Add text qualifying when predicates are used - predicates can't be used
to instruct register allocation after pattern matching, they are only
used in pattern matching.

>  * Constraints::         Fine-tuning operand selection.
>  * Standard Names::      Names mark patterns to use for code generation.
>  * Pattern Ordering::    When the order of patterns makes a difference.
>  * Dependent Patterns::  Having one pattern may make you need another.
>  * Jump Patterns::       Special considerations for patterns for jump insns.
>  * Looping Patterns::    How to define patterns for special looping insns.
> -* Insn Canonicalizations::Canonicalization of Instructions
> +* Insn Canonicalizations::Canonicalization of instructions

We don't use title case elsewhere in the descriptions.

>  * Expander Definitions::Generating a sequence of several RTL insns
>                          for a standard operation.
> -* Insn Splitting::      Splitting Instructions into Multiple Instructions.
> -* Including Patterns::  Including Patterns in Machine Descriptions.
> +* Insn Splitting::      Splitting insns into multiple insns.
> +* Including Patterns::  Including patterns in machine descriptions.

Insn splitting acts on insns (a compiler concept) not instructions (a
machine concept).

We don't use title case elsewhere in the descriptions.

>  * Peephole Definitions::Defining machine-specific peephole optimizations.
>  * Insn Attributes::     Specifying the value of attributes for generated insns.
>  * Conditional Execution::Generating @code{define_insn} patterns for
> @@ -54,50 +54,60 @@ See the next chapter for information on the C header file.
>  @node Overview
>  @section Overview of How the Machine Description is Used
>  
> -There are three main conversions that happen in the compiler:
> +There are four main conversions that happen in the compiler:

The previous text is inaccurate.

>  
>  @enumerate
>  
>  @item
> -The front end reads the source code and builds a parse tree.
> +The front end reads the source code and converts it to an intermediate,
> +front end specific, tree based representation.

The previous text is imprecise.

>  @item
> -The parse tree is used to generate an RTL insn list based on named
> -instruction patterns.
> +This tree based representation is lowered (gimplified) to a gimple
> +representation.

The previous text is inaccurate.

>  
>  @item
> -The insn list is matched against the RTL templates to produce assembler
> -code.
> +The gimple representation is transformed (expanded) to an RTL
> +representation.  This RTL representation is a doubly-linked chain of
> +objects called insns, known as the insn list.

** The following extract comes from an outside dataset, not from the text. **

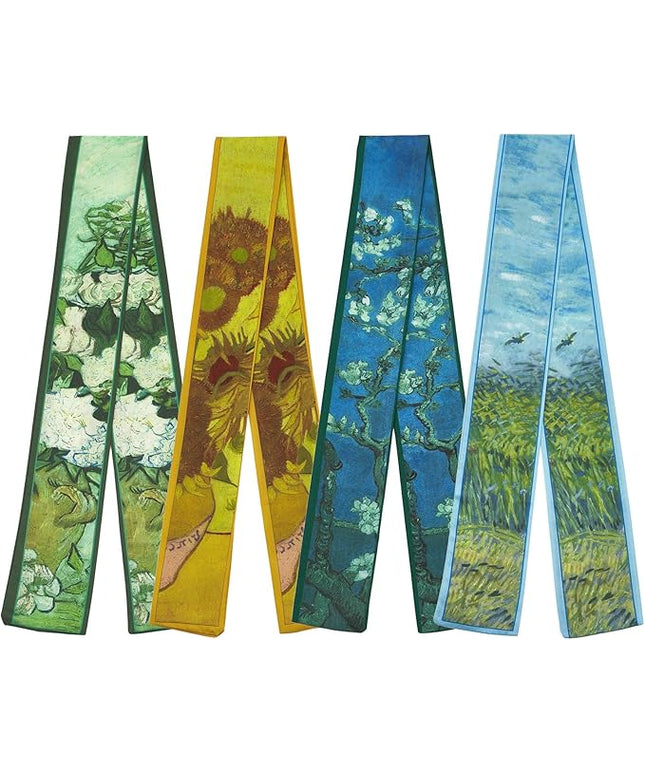 4 Pack Purse Scarf Handbags Skinny Twill Hair Scarves Narrow Neck Scarf Band Women Fashion Accessories Bag Charms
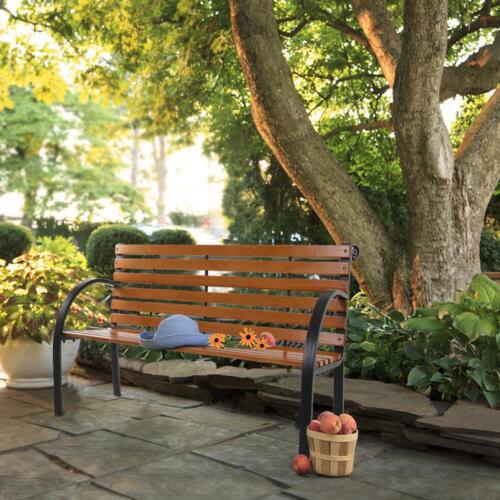 Kitcheniva Hardwood Slotted Outdoor Patio Garden Bench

New text describing expansion from gimple to RTL.

> +
> +@item
> +The insn list is optimized, and the optimized insn list is matched
> +against @code{define_insn} instruction patterns in the machine description
> +to produce assembler code.

Add text describing that the insn list is further optimized before
instruction selection.

>  
>  @end enumerate
>  
> -For the generate pass, only the names of the insns matter, from either a
> -named @code{define_insn} or a @code{define_expand}.  The compiler will
> +When expanding from gimple to RTL, only named @code{define_insn}
> +constructs and @code{define_expand} constructs are used.  The compiler will
>  choose the pattern with the right name and apply the operands according
>  to the documentation later in this chapter, without regard for the RTL
> -template or operand constraints.  Note that the names the compiler looks
> -for are hard-coded in the compiler---it will ignore unnamed patterns and
> -patterns with names it doesn't know about, but if you don't provide a
> -named pattern it needs, it will abort.
> +template or operand constraints.  Note that the names which are used for
> +expansion are hard-coded in the compiler---unnamed patterns and patterns
> +with names which do not have a standard meaning are ignored during
> +expansion.  If you don't provide a named pattern that the compiler is
> +trying to expand, it may try a different expansion strategy.  If no
> +other expansion strategies are possible, the compiler will abort.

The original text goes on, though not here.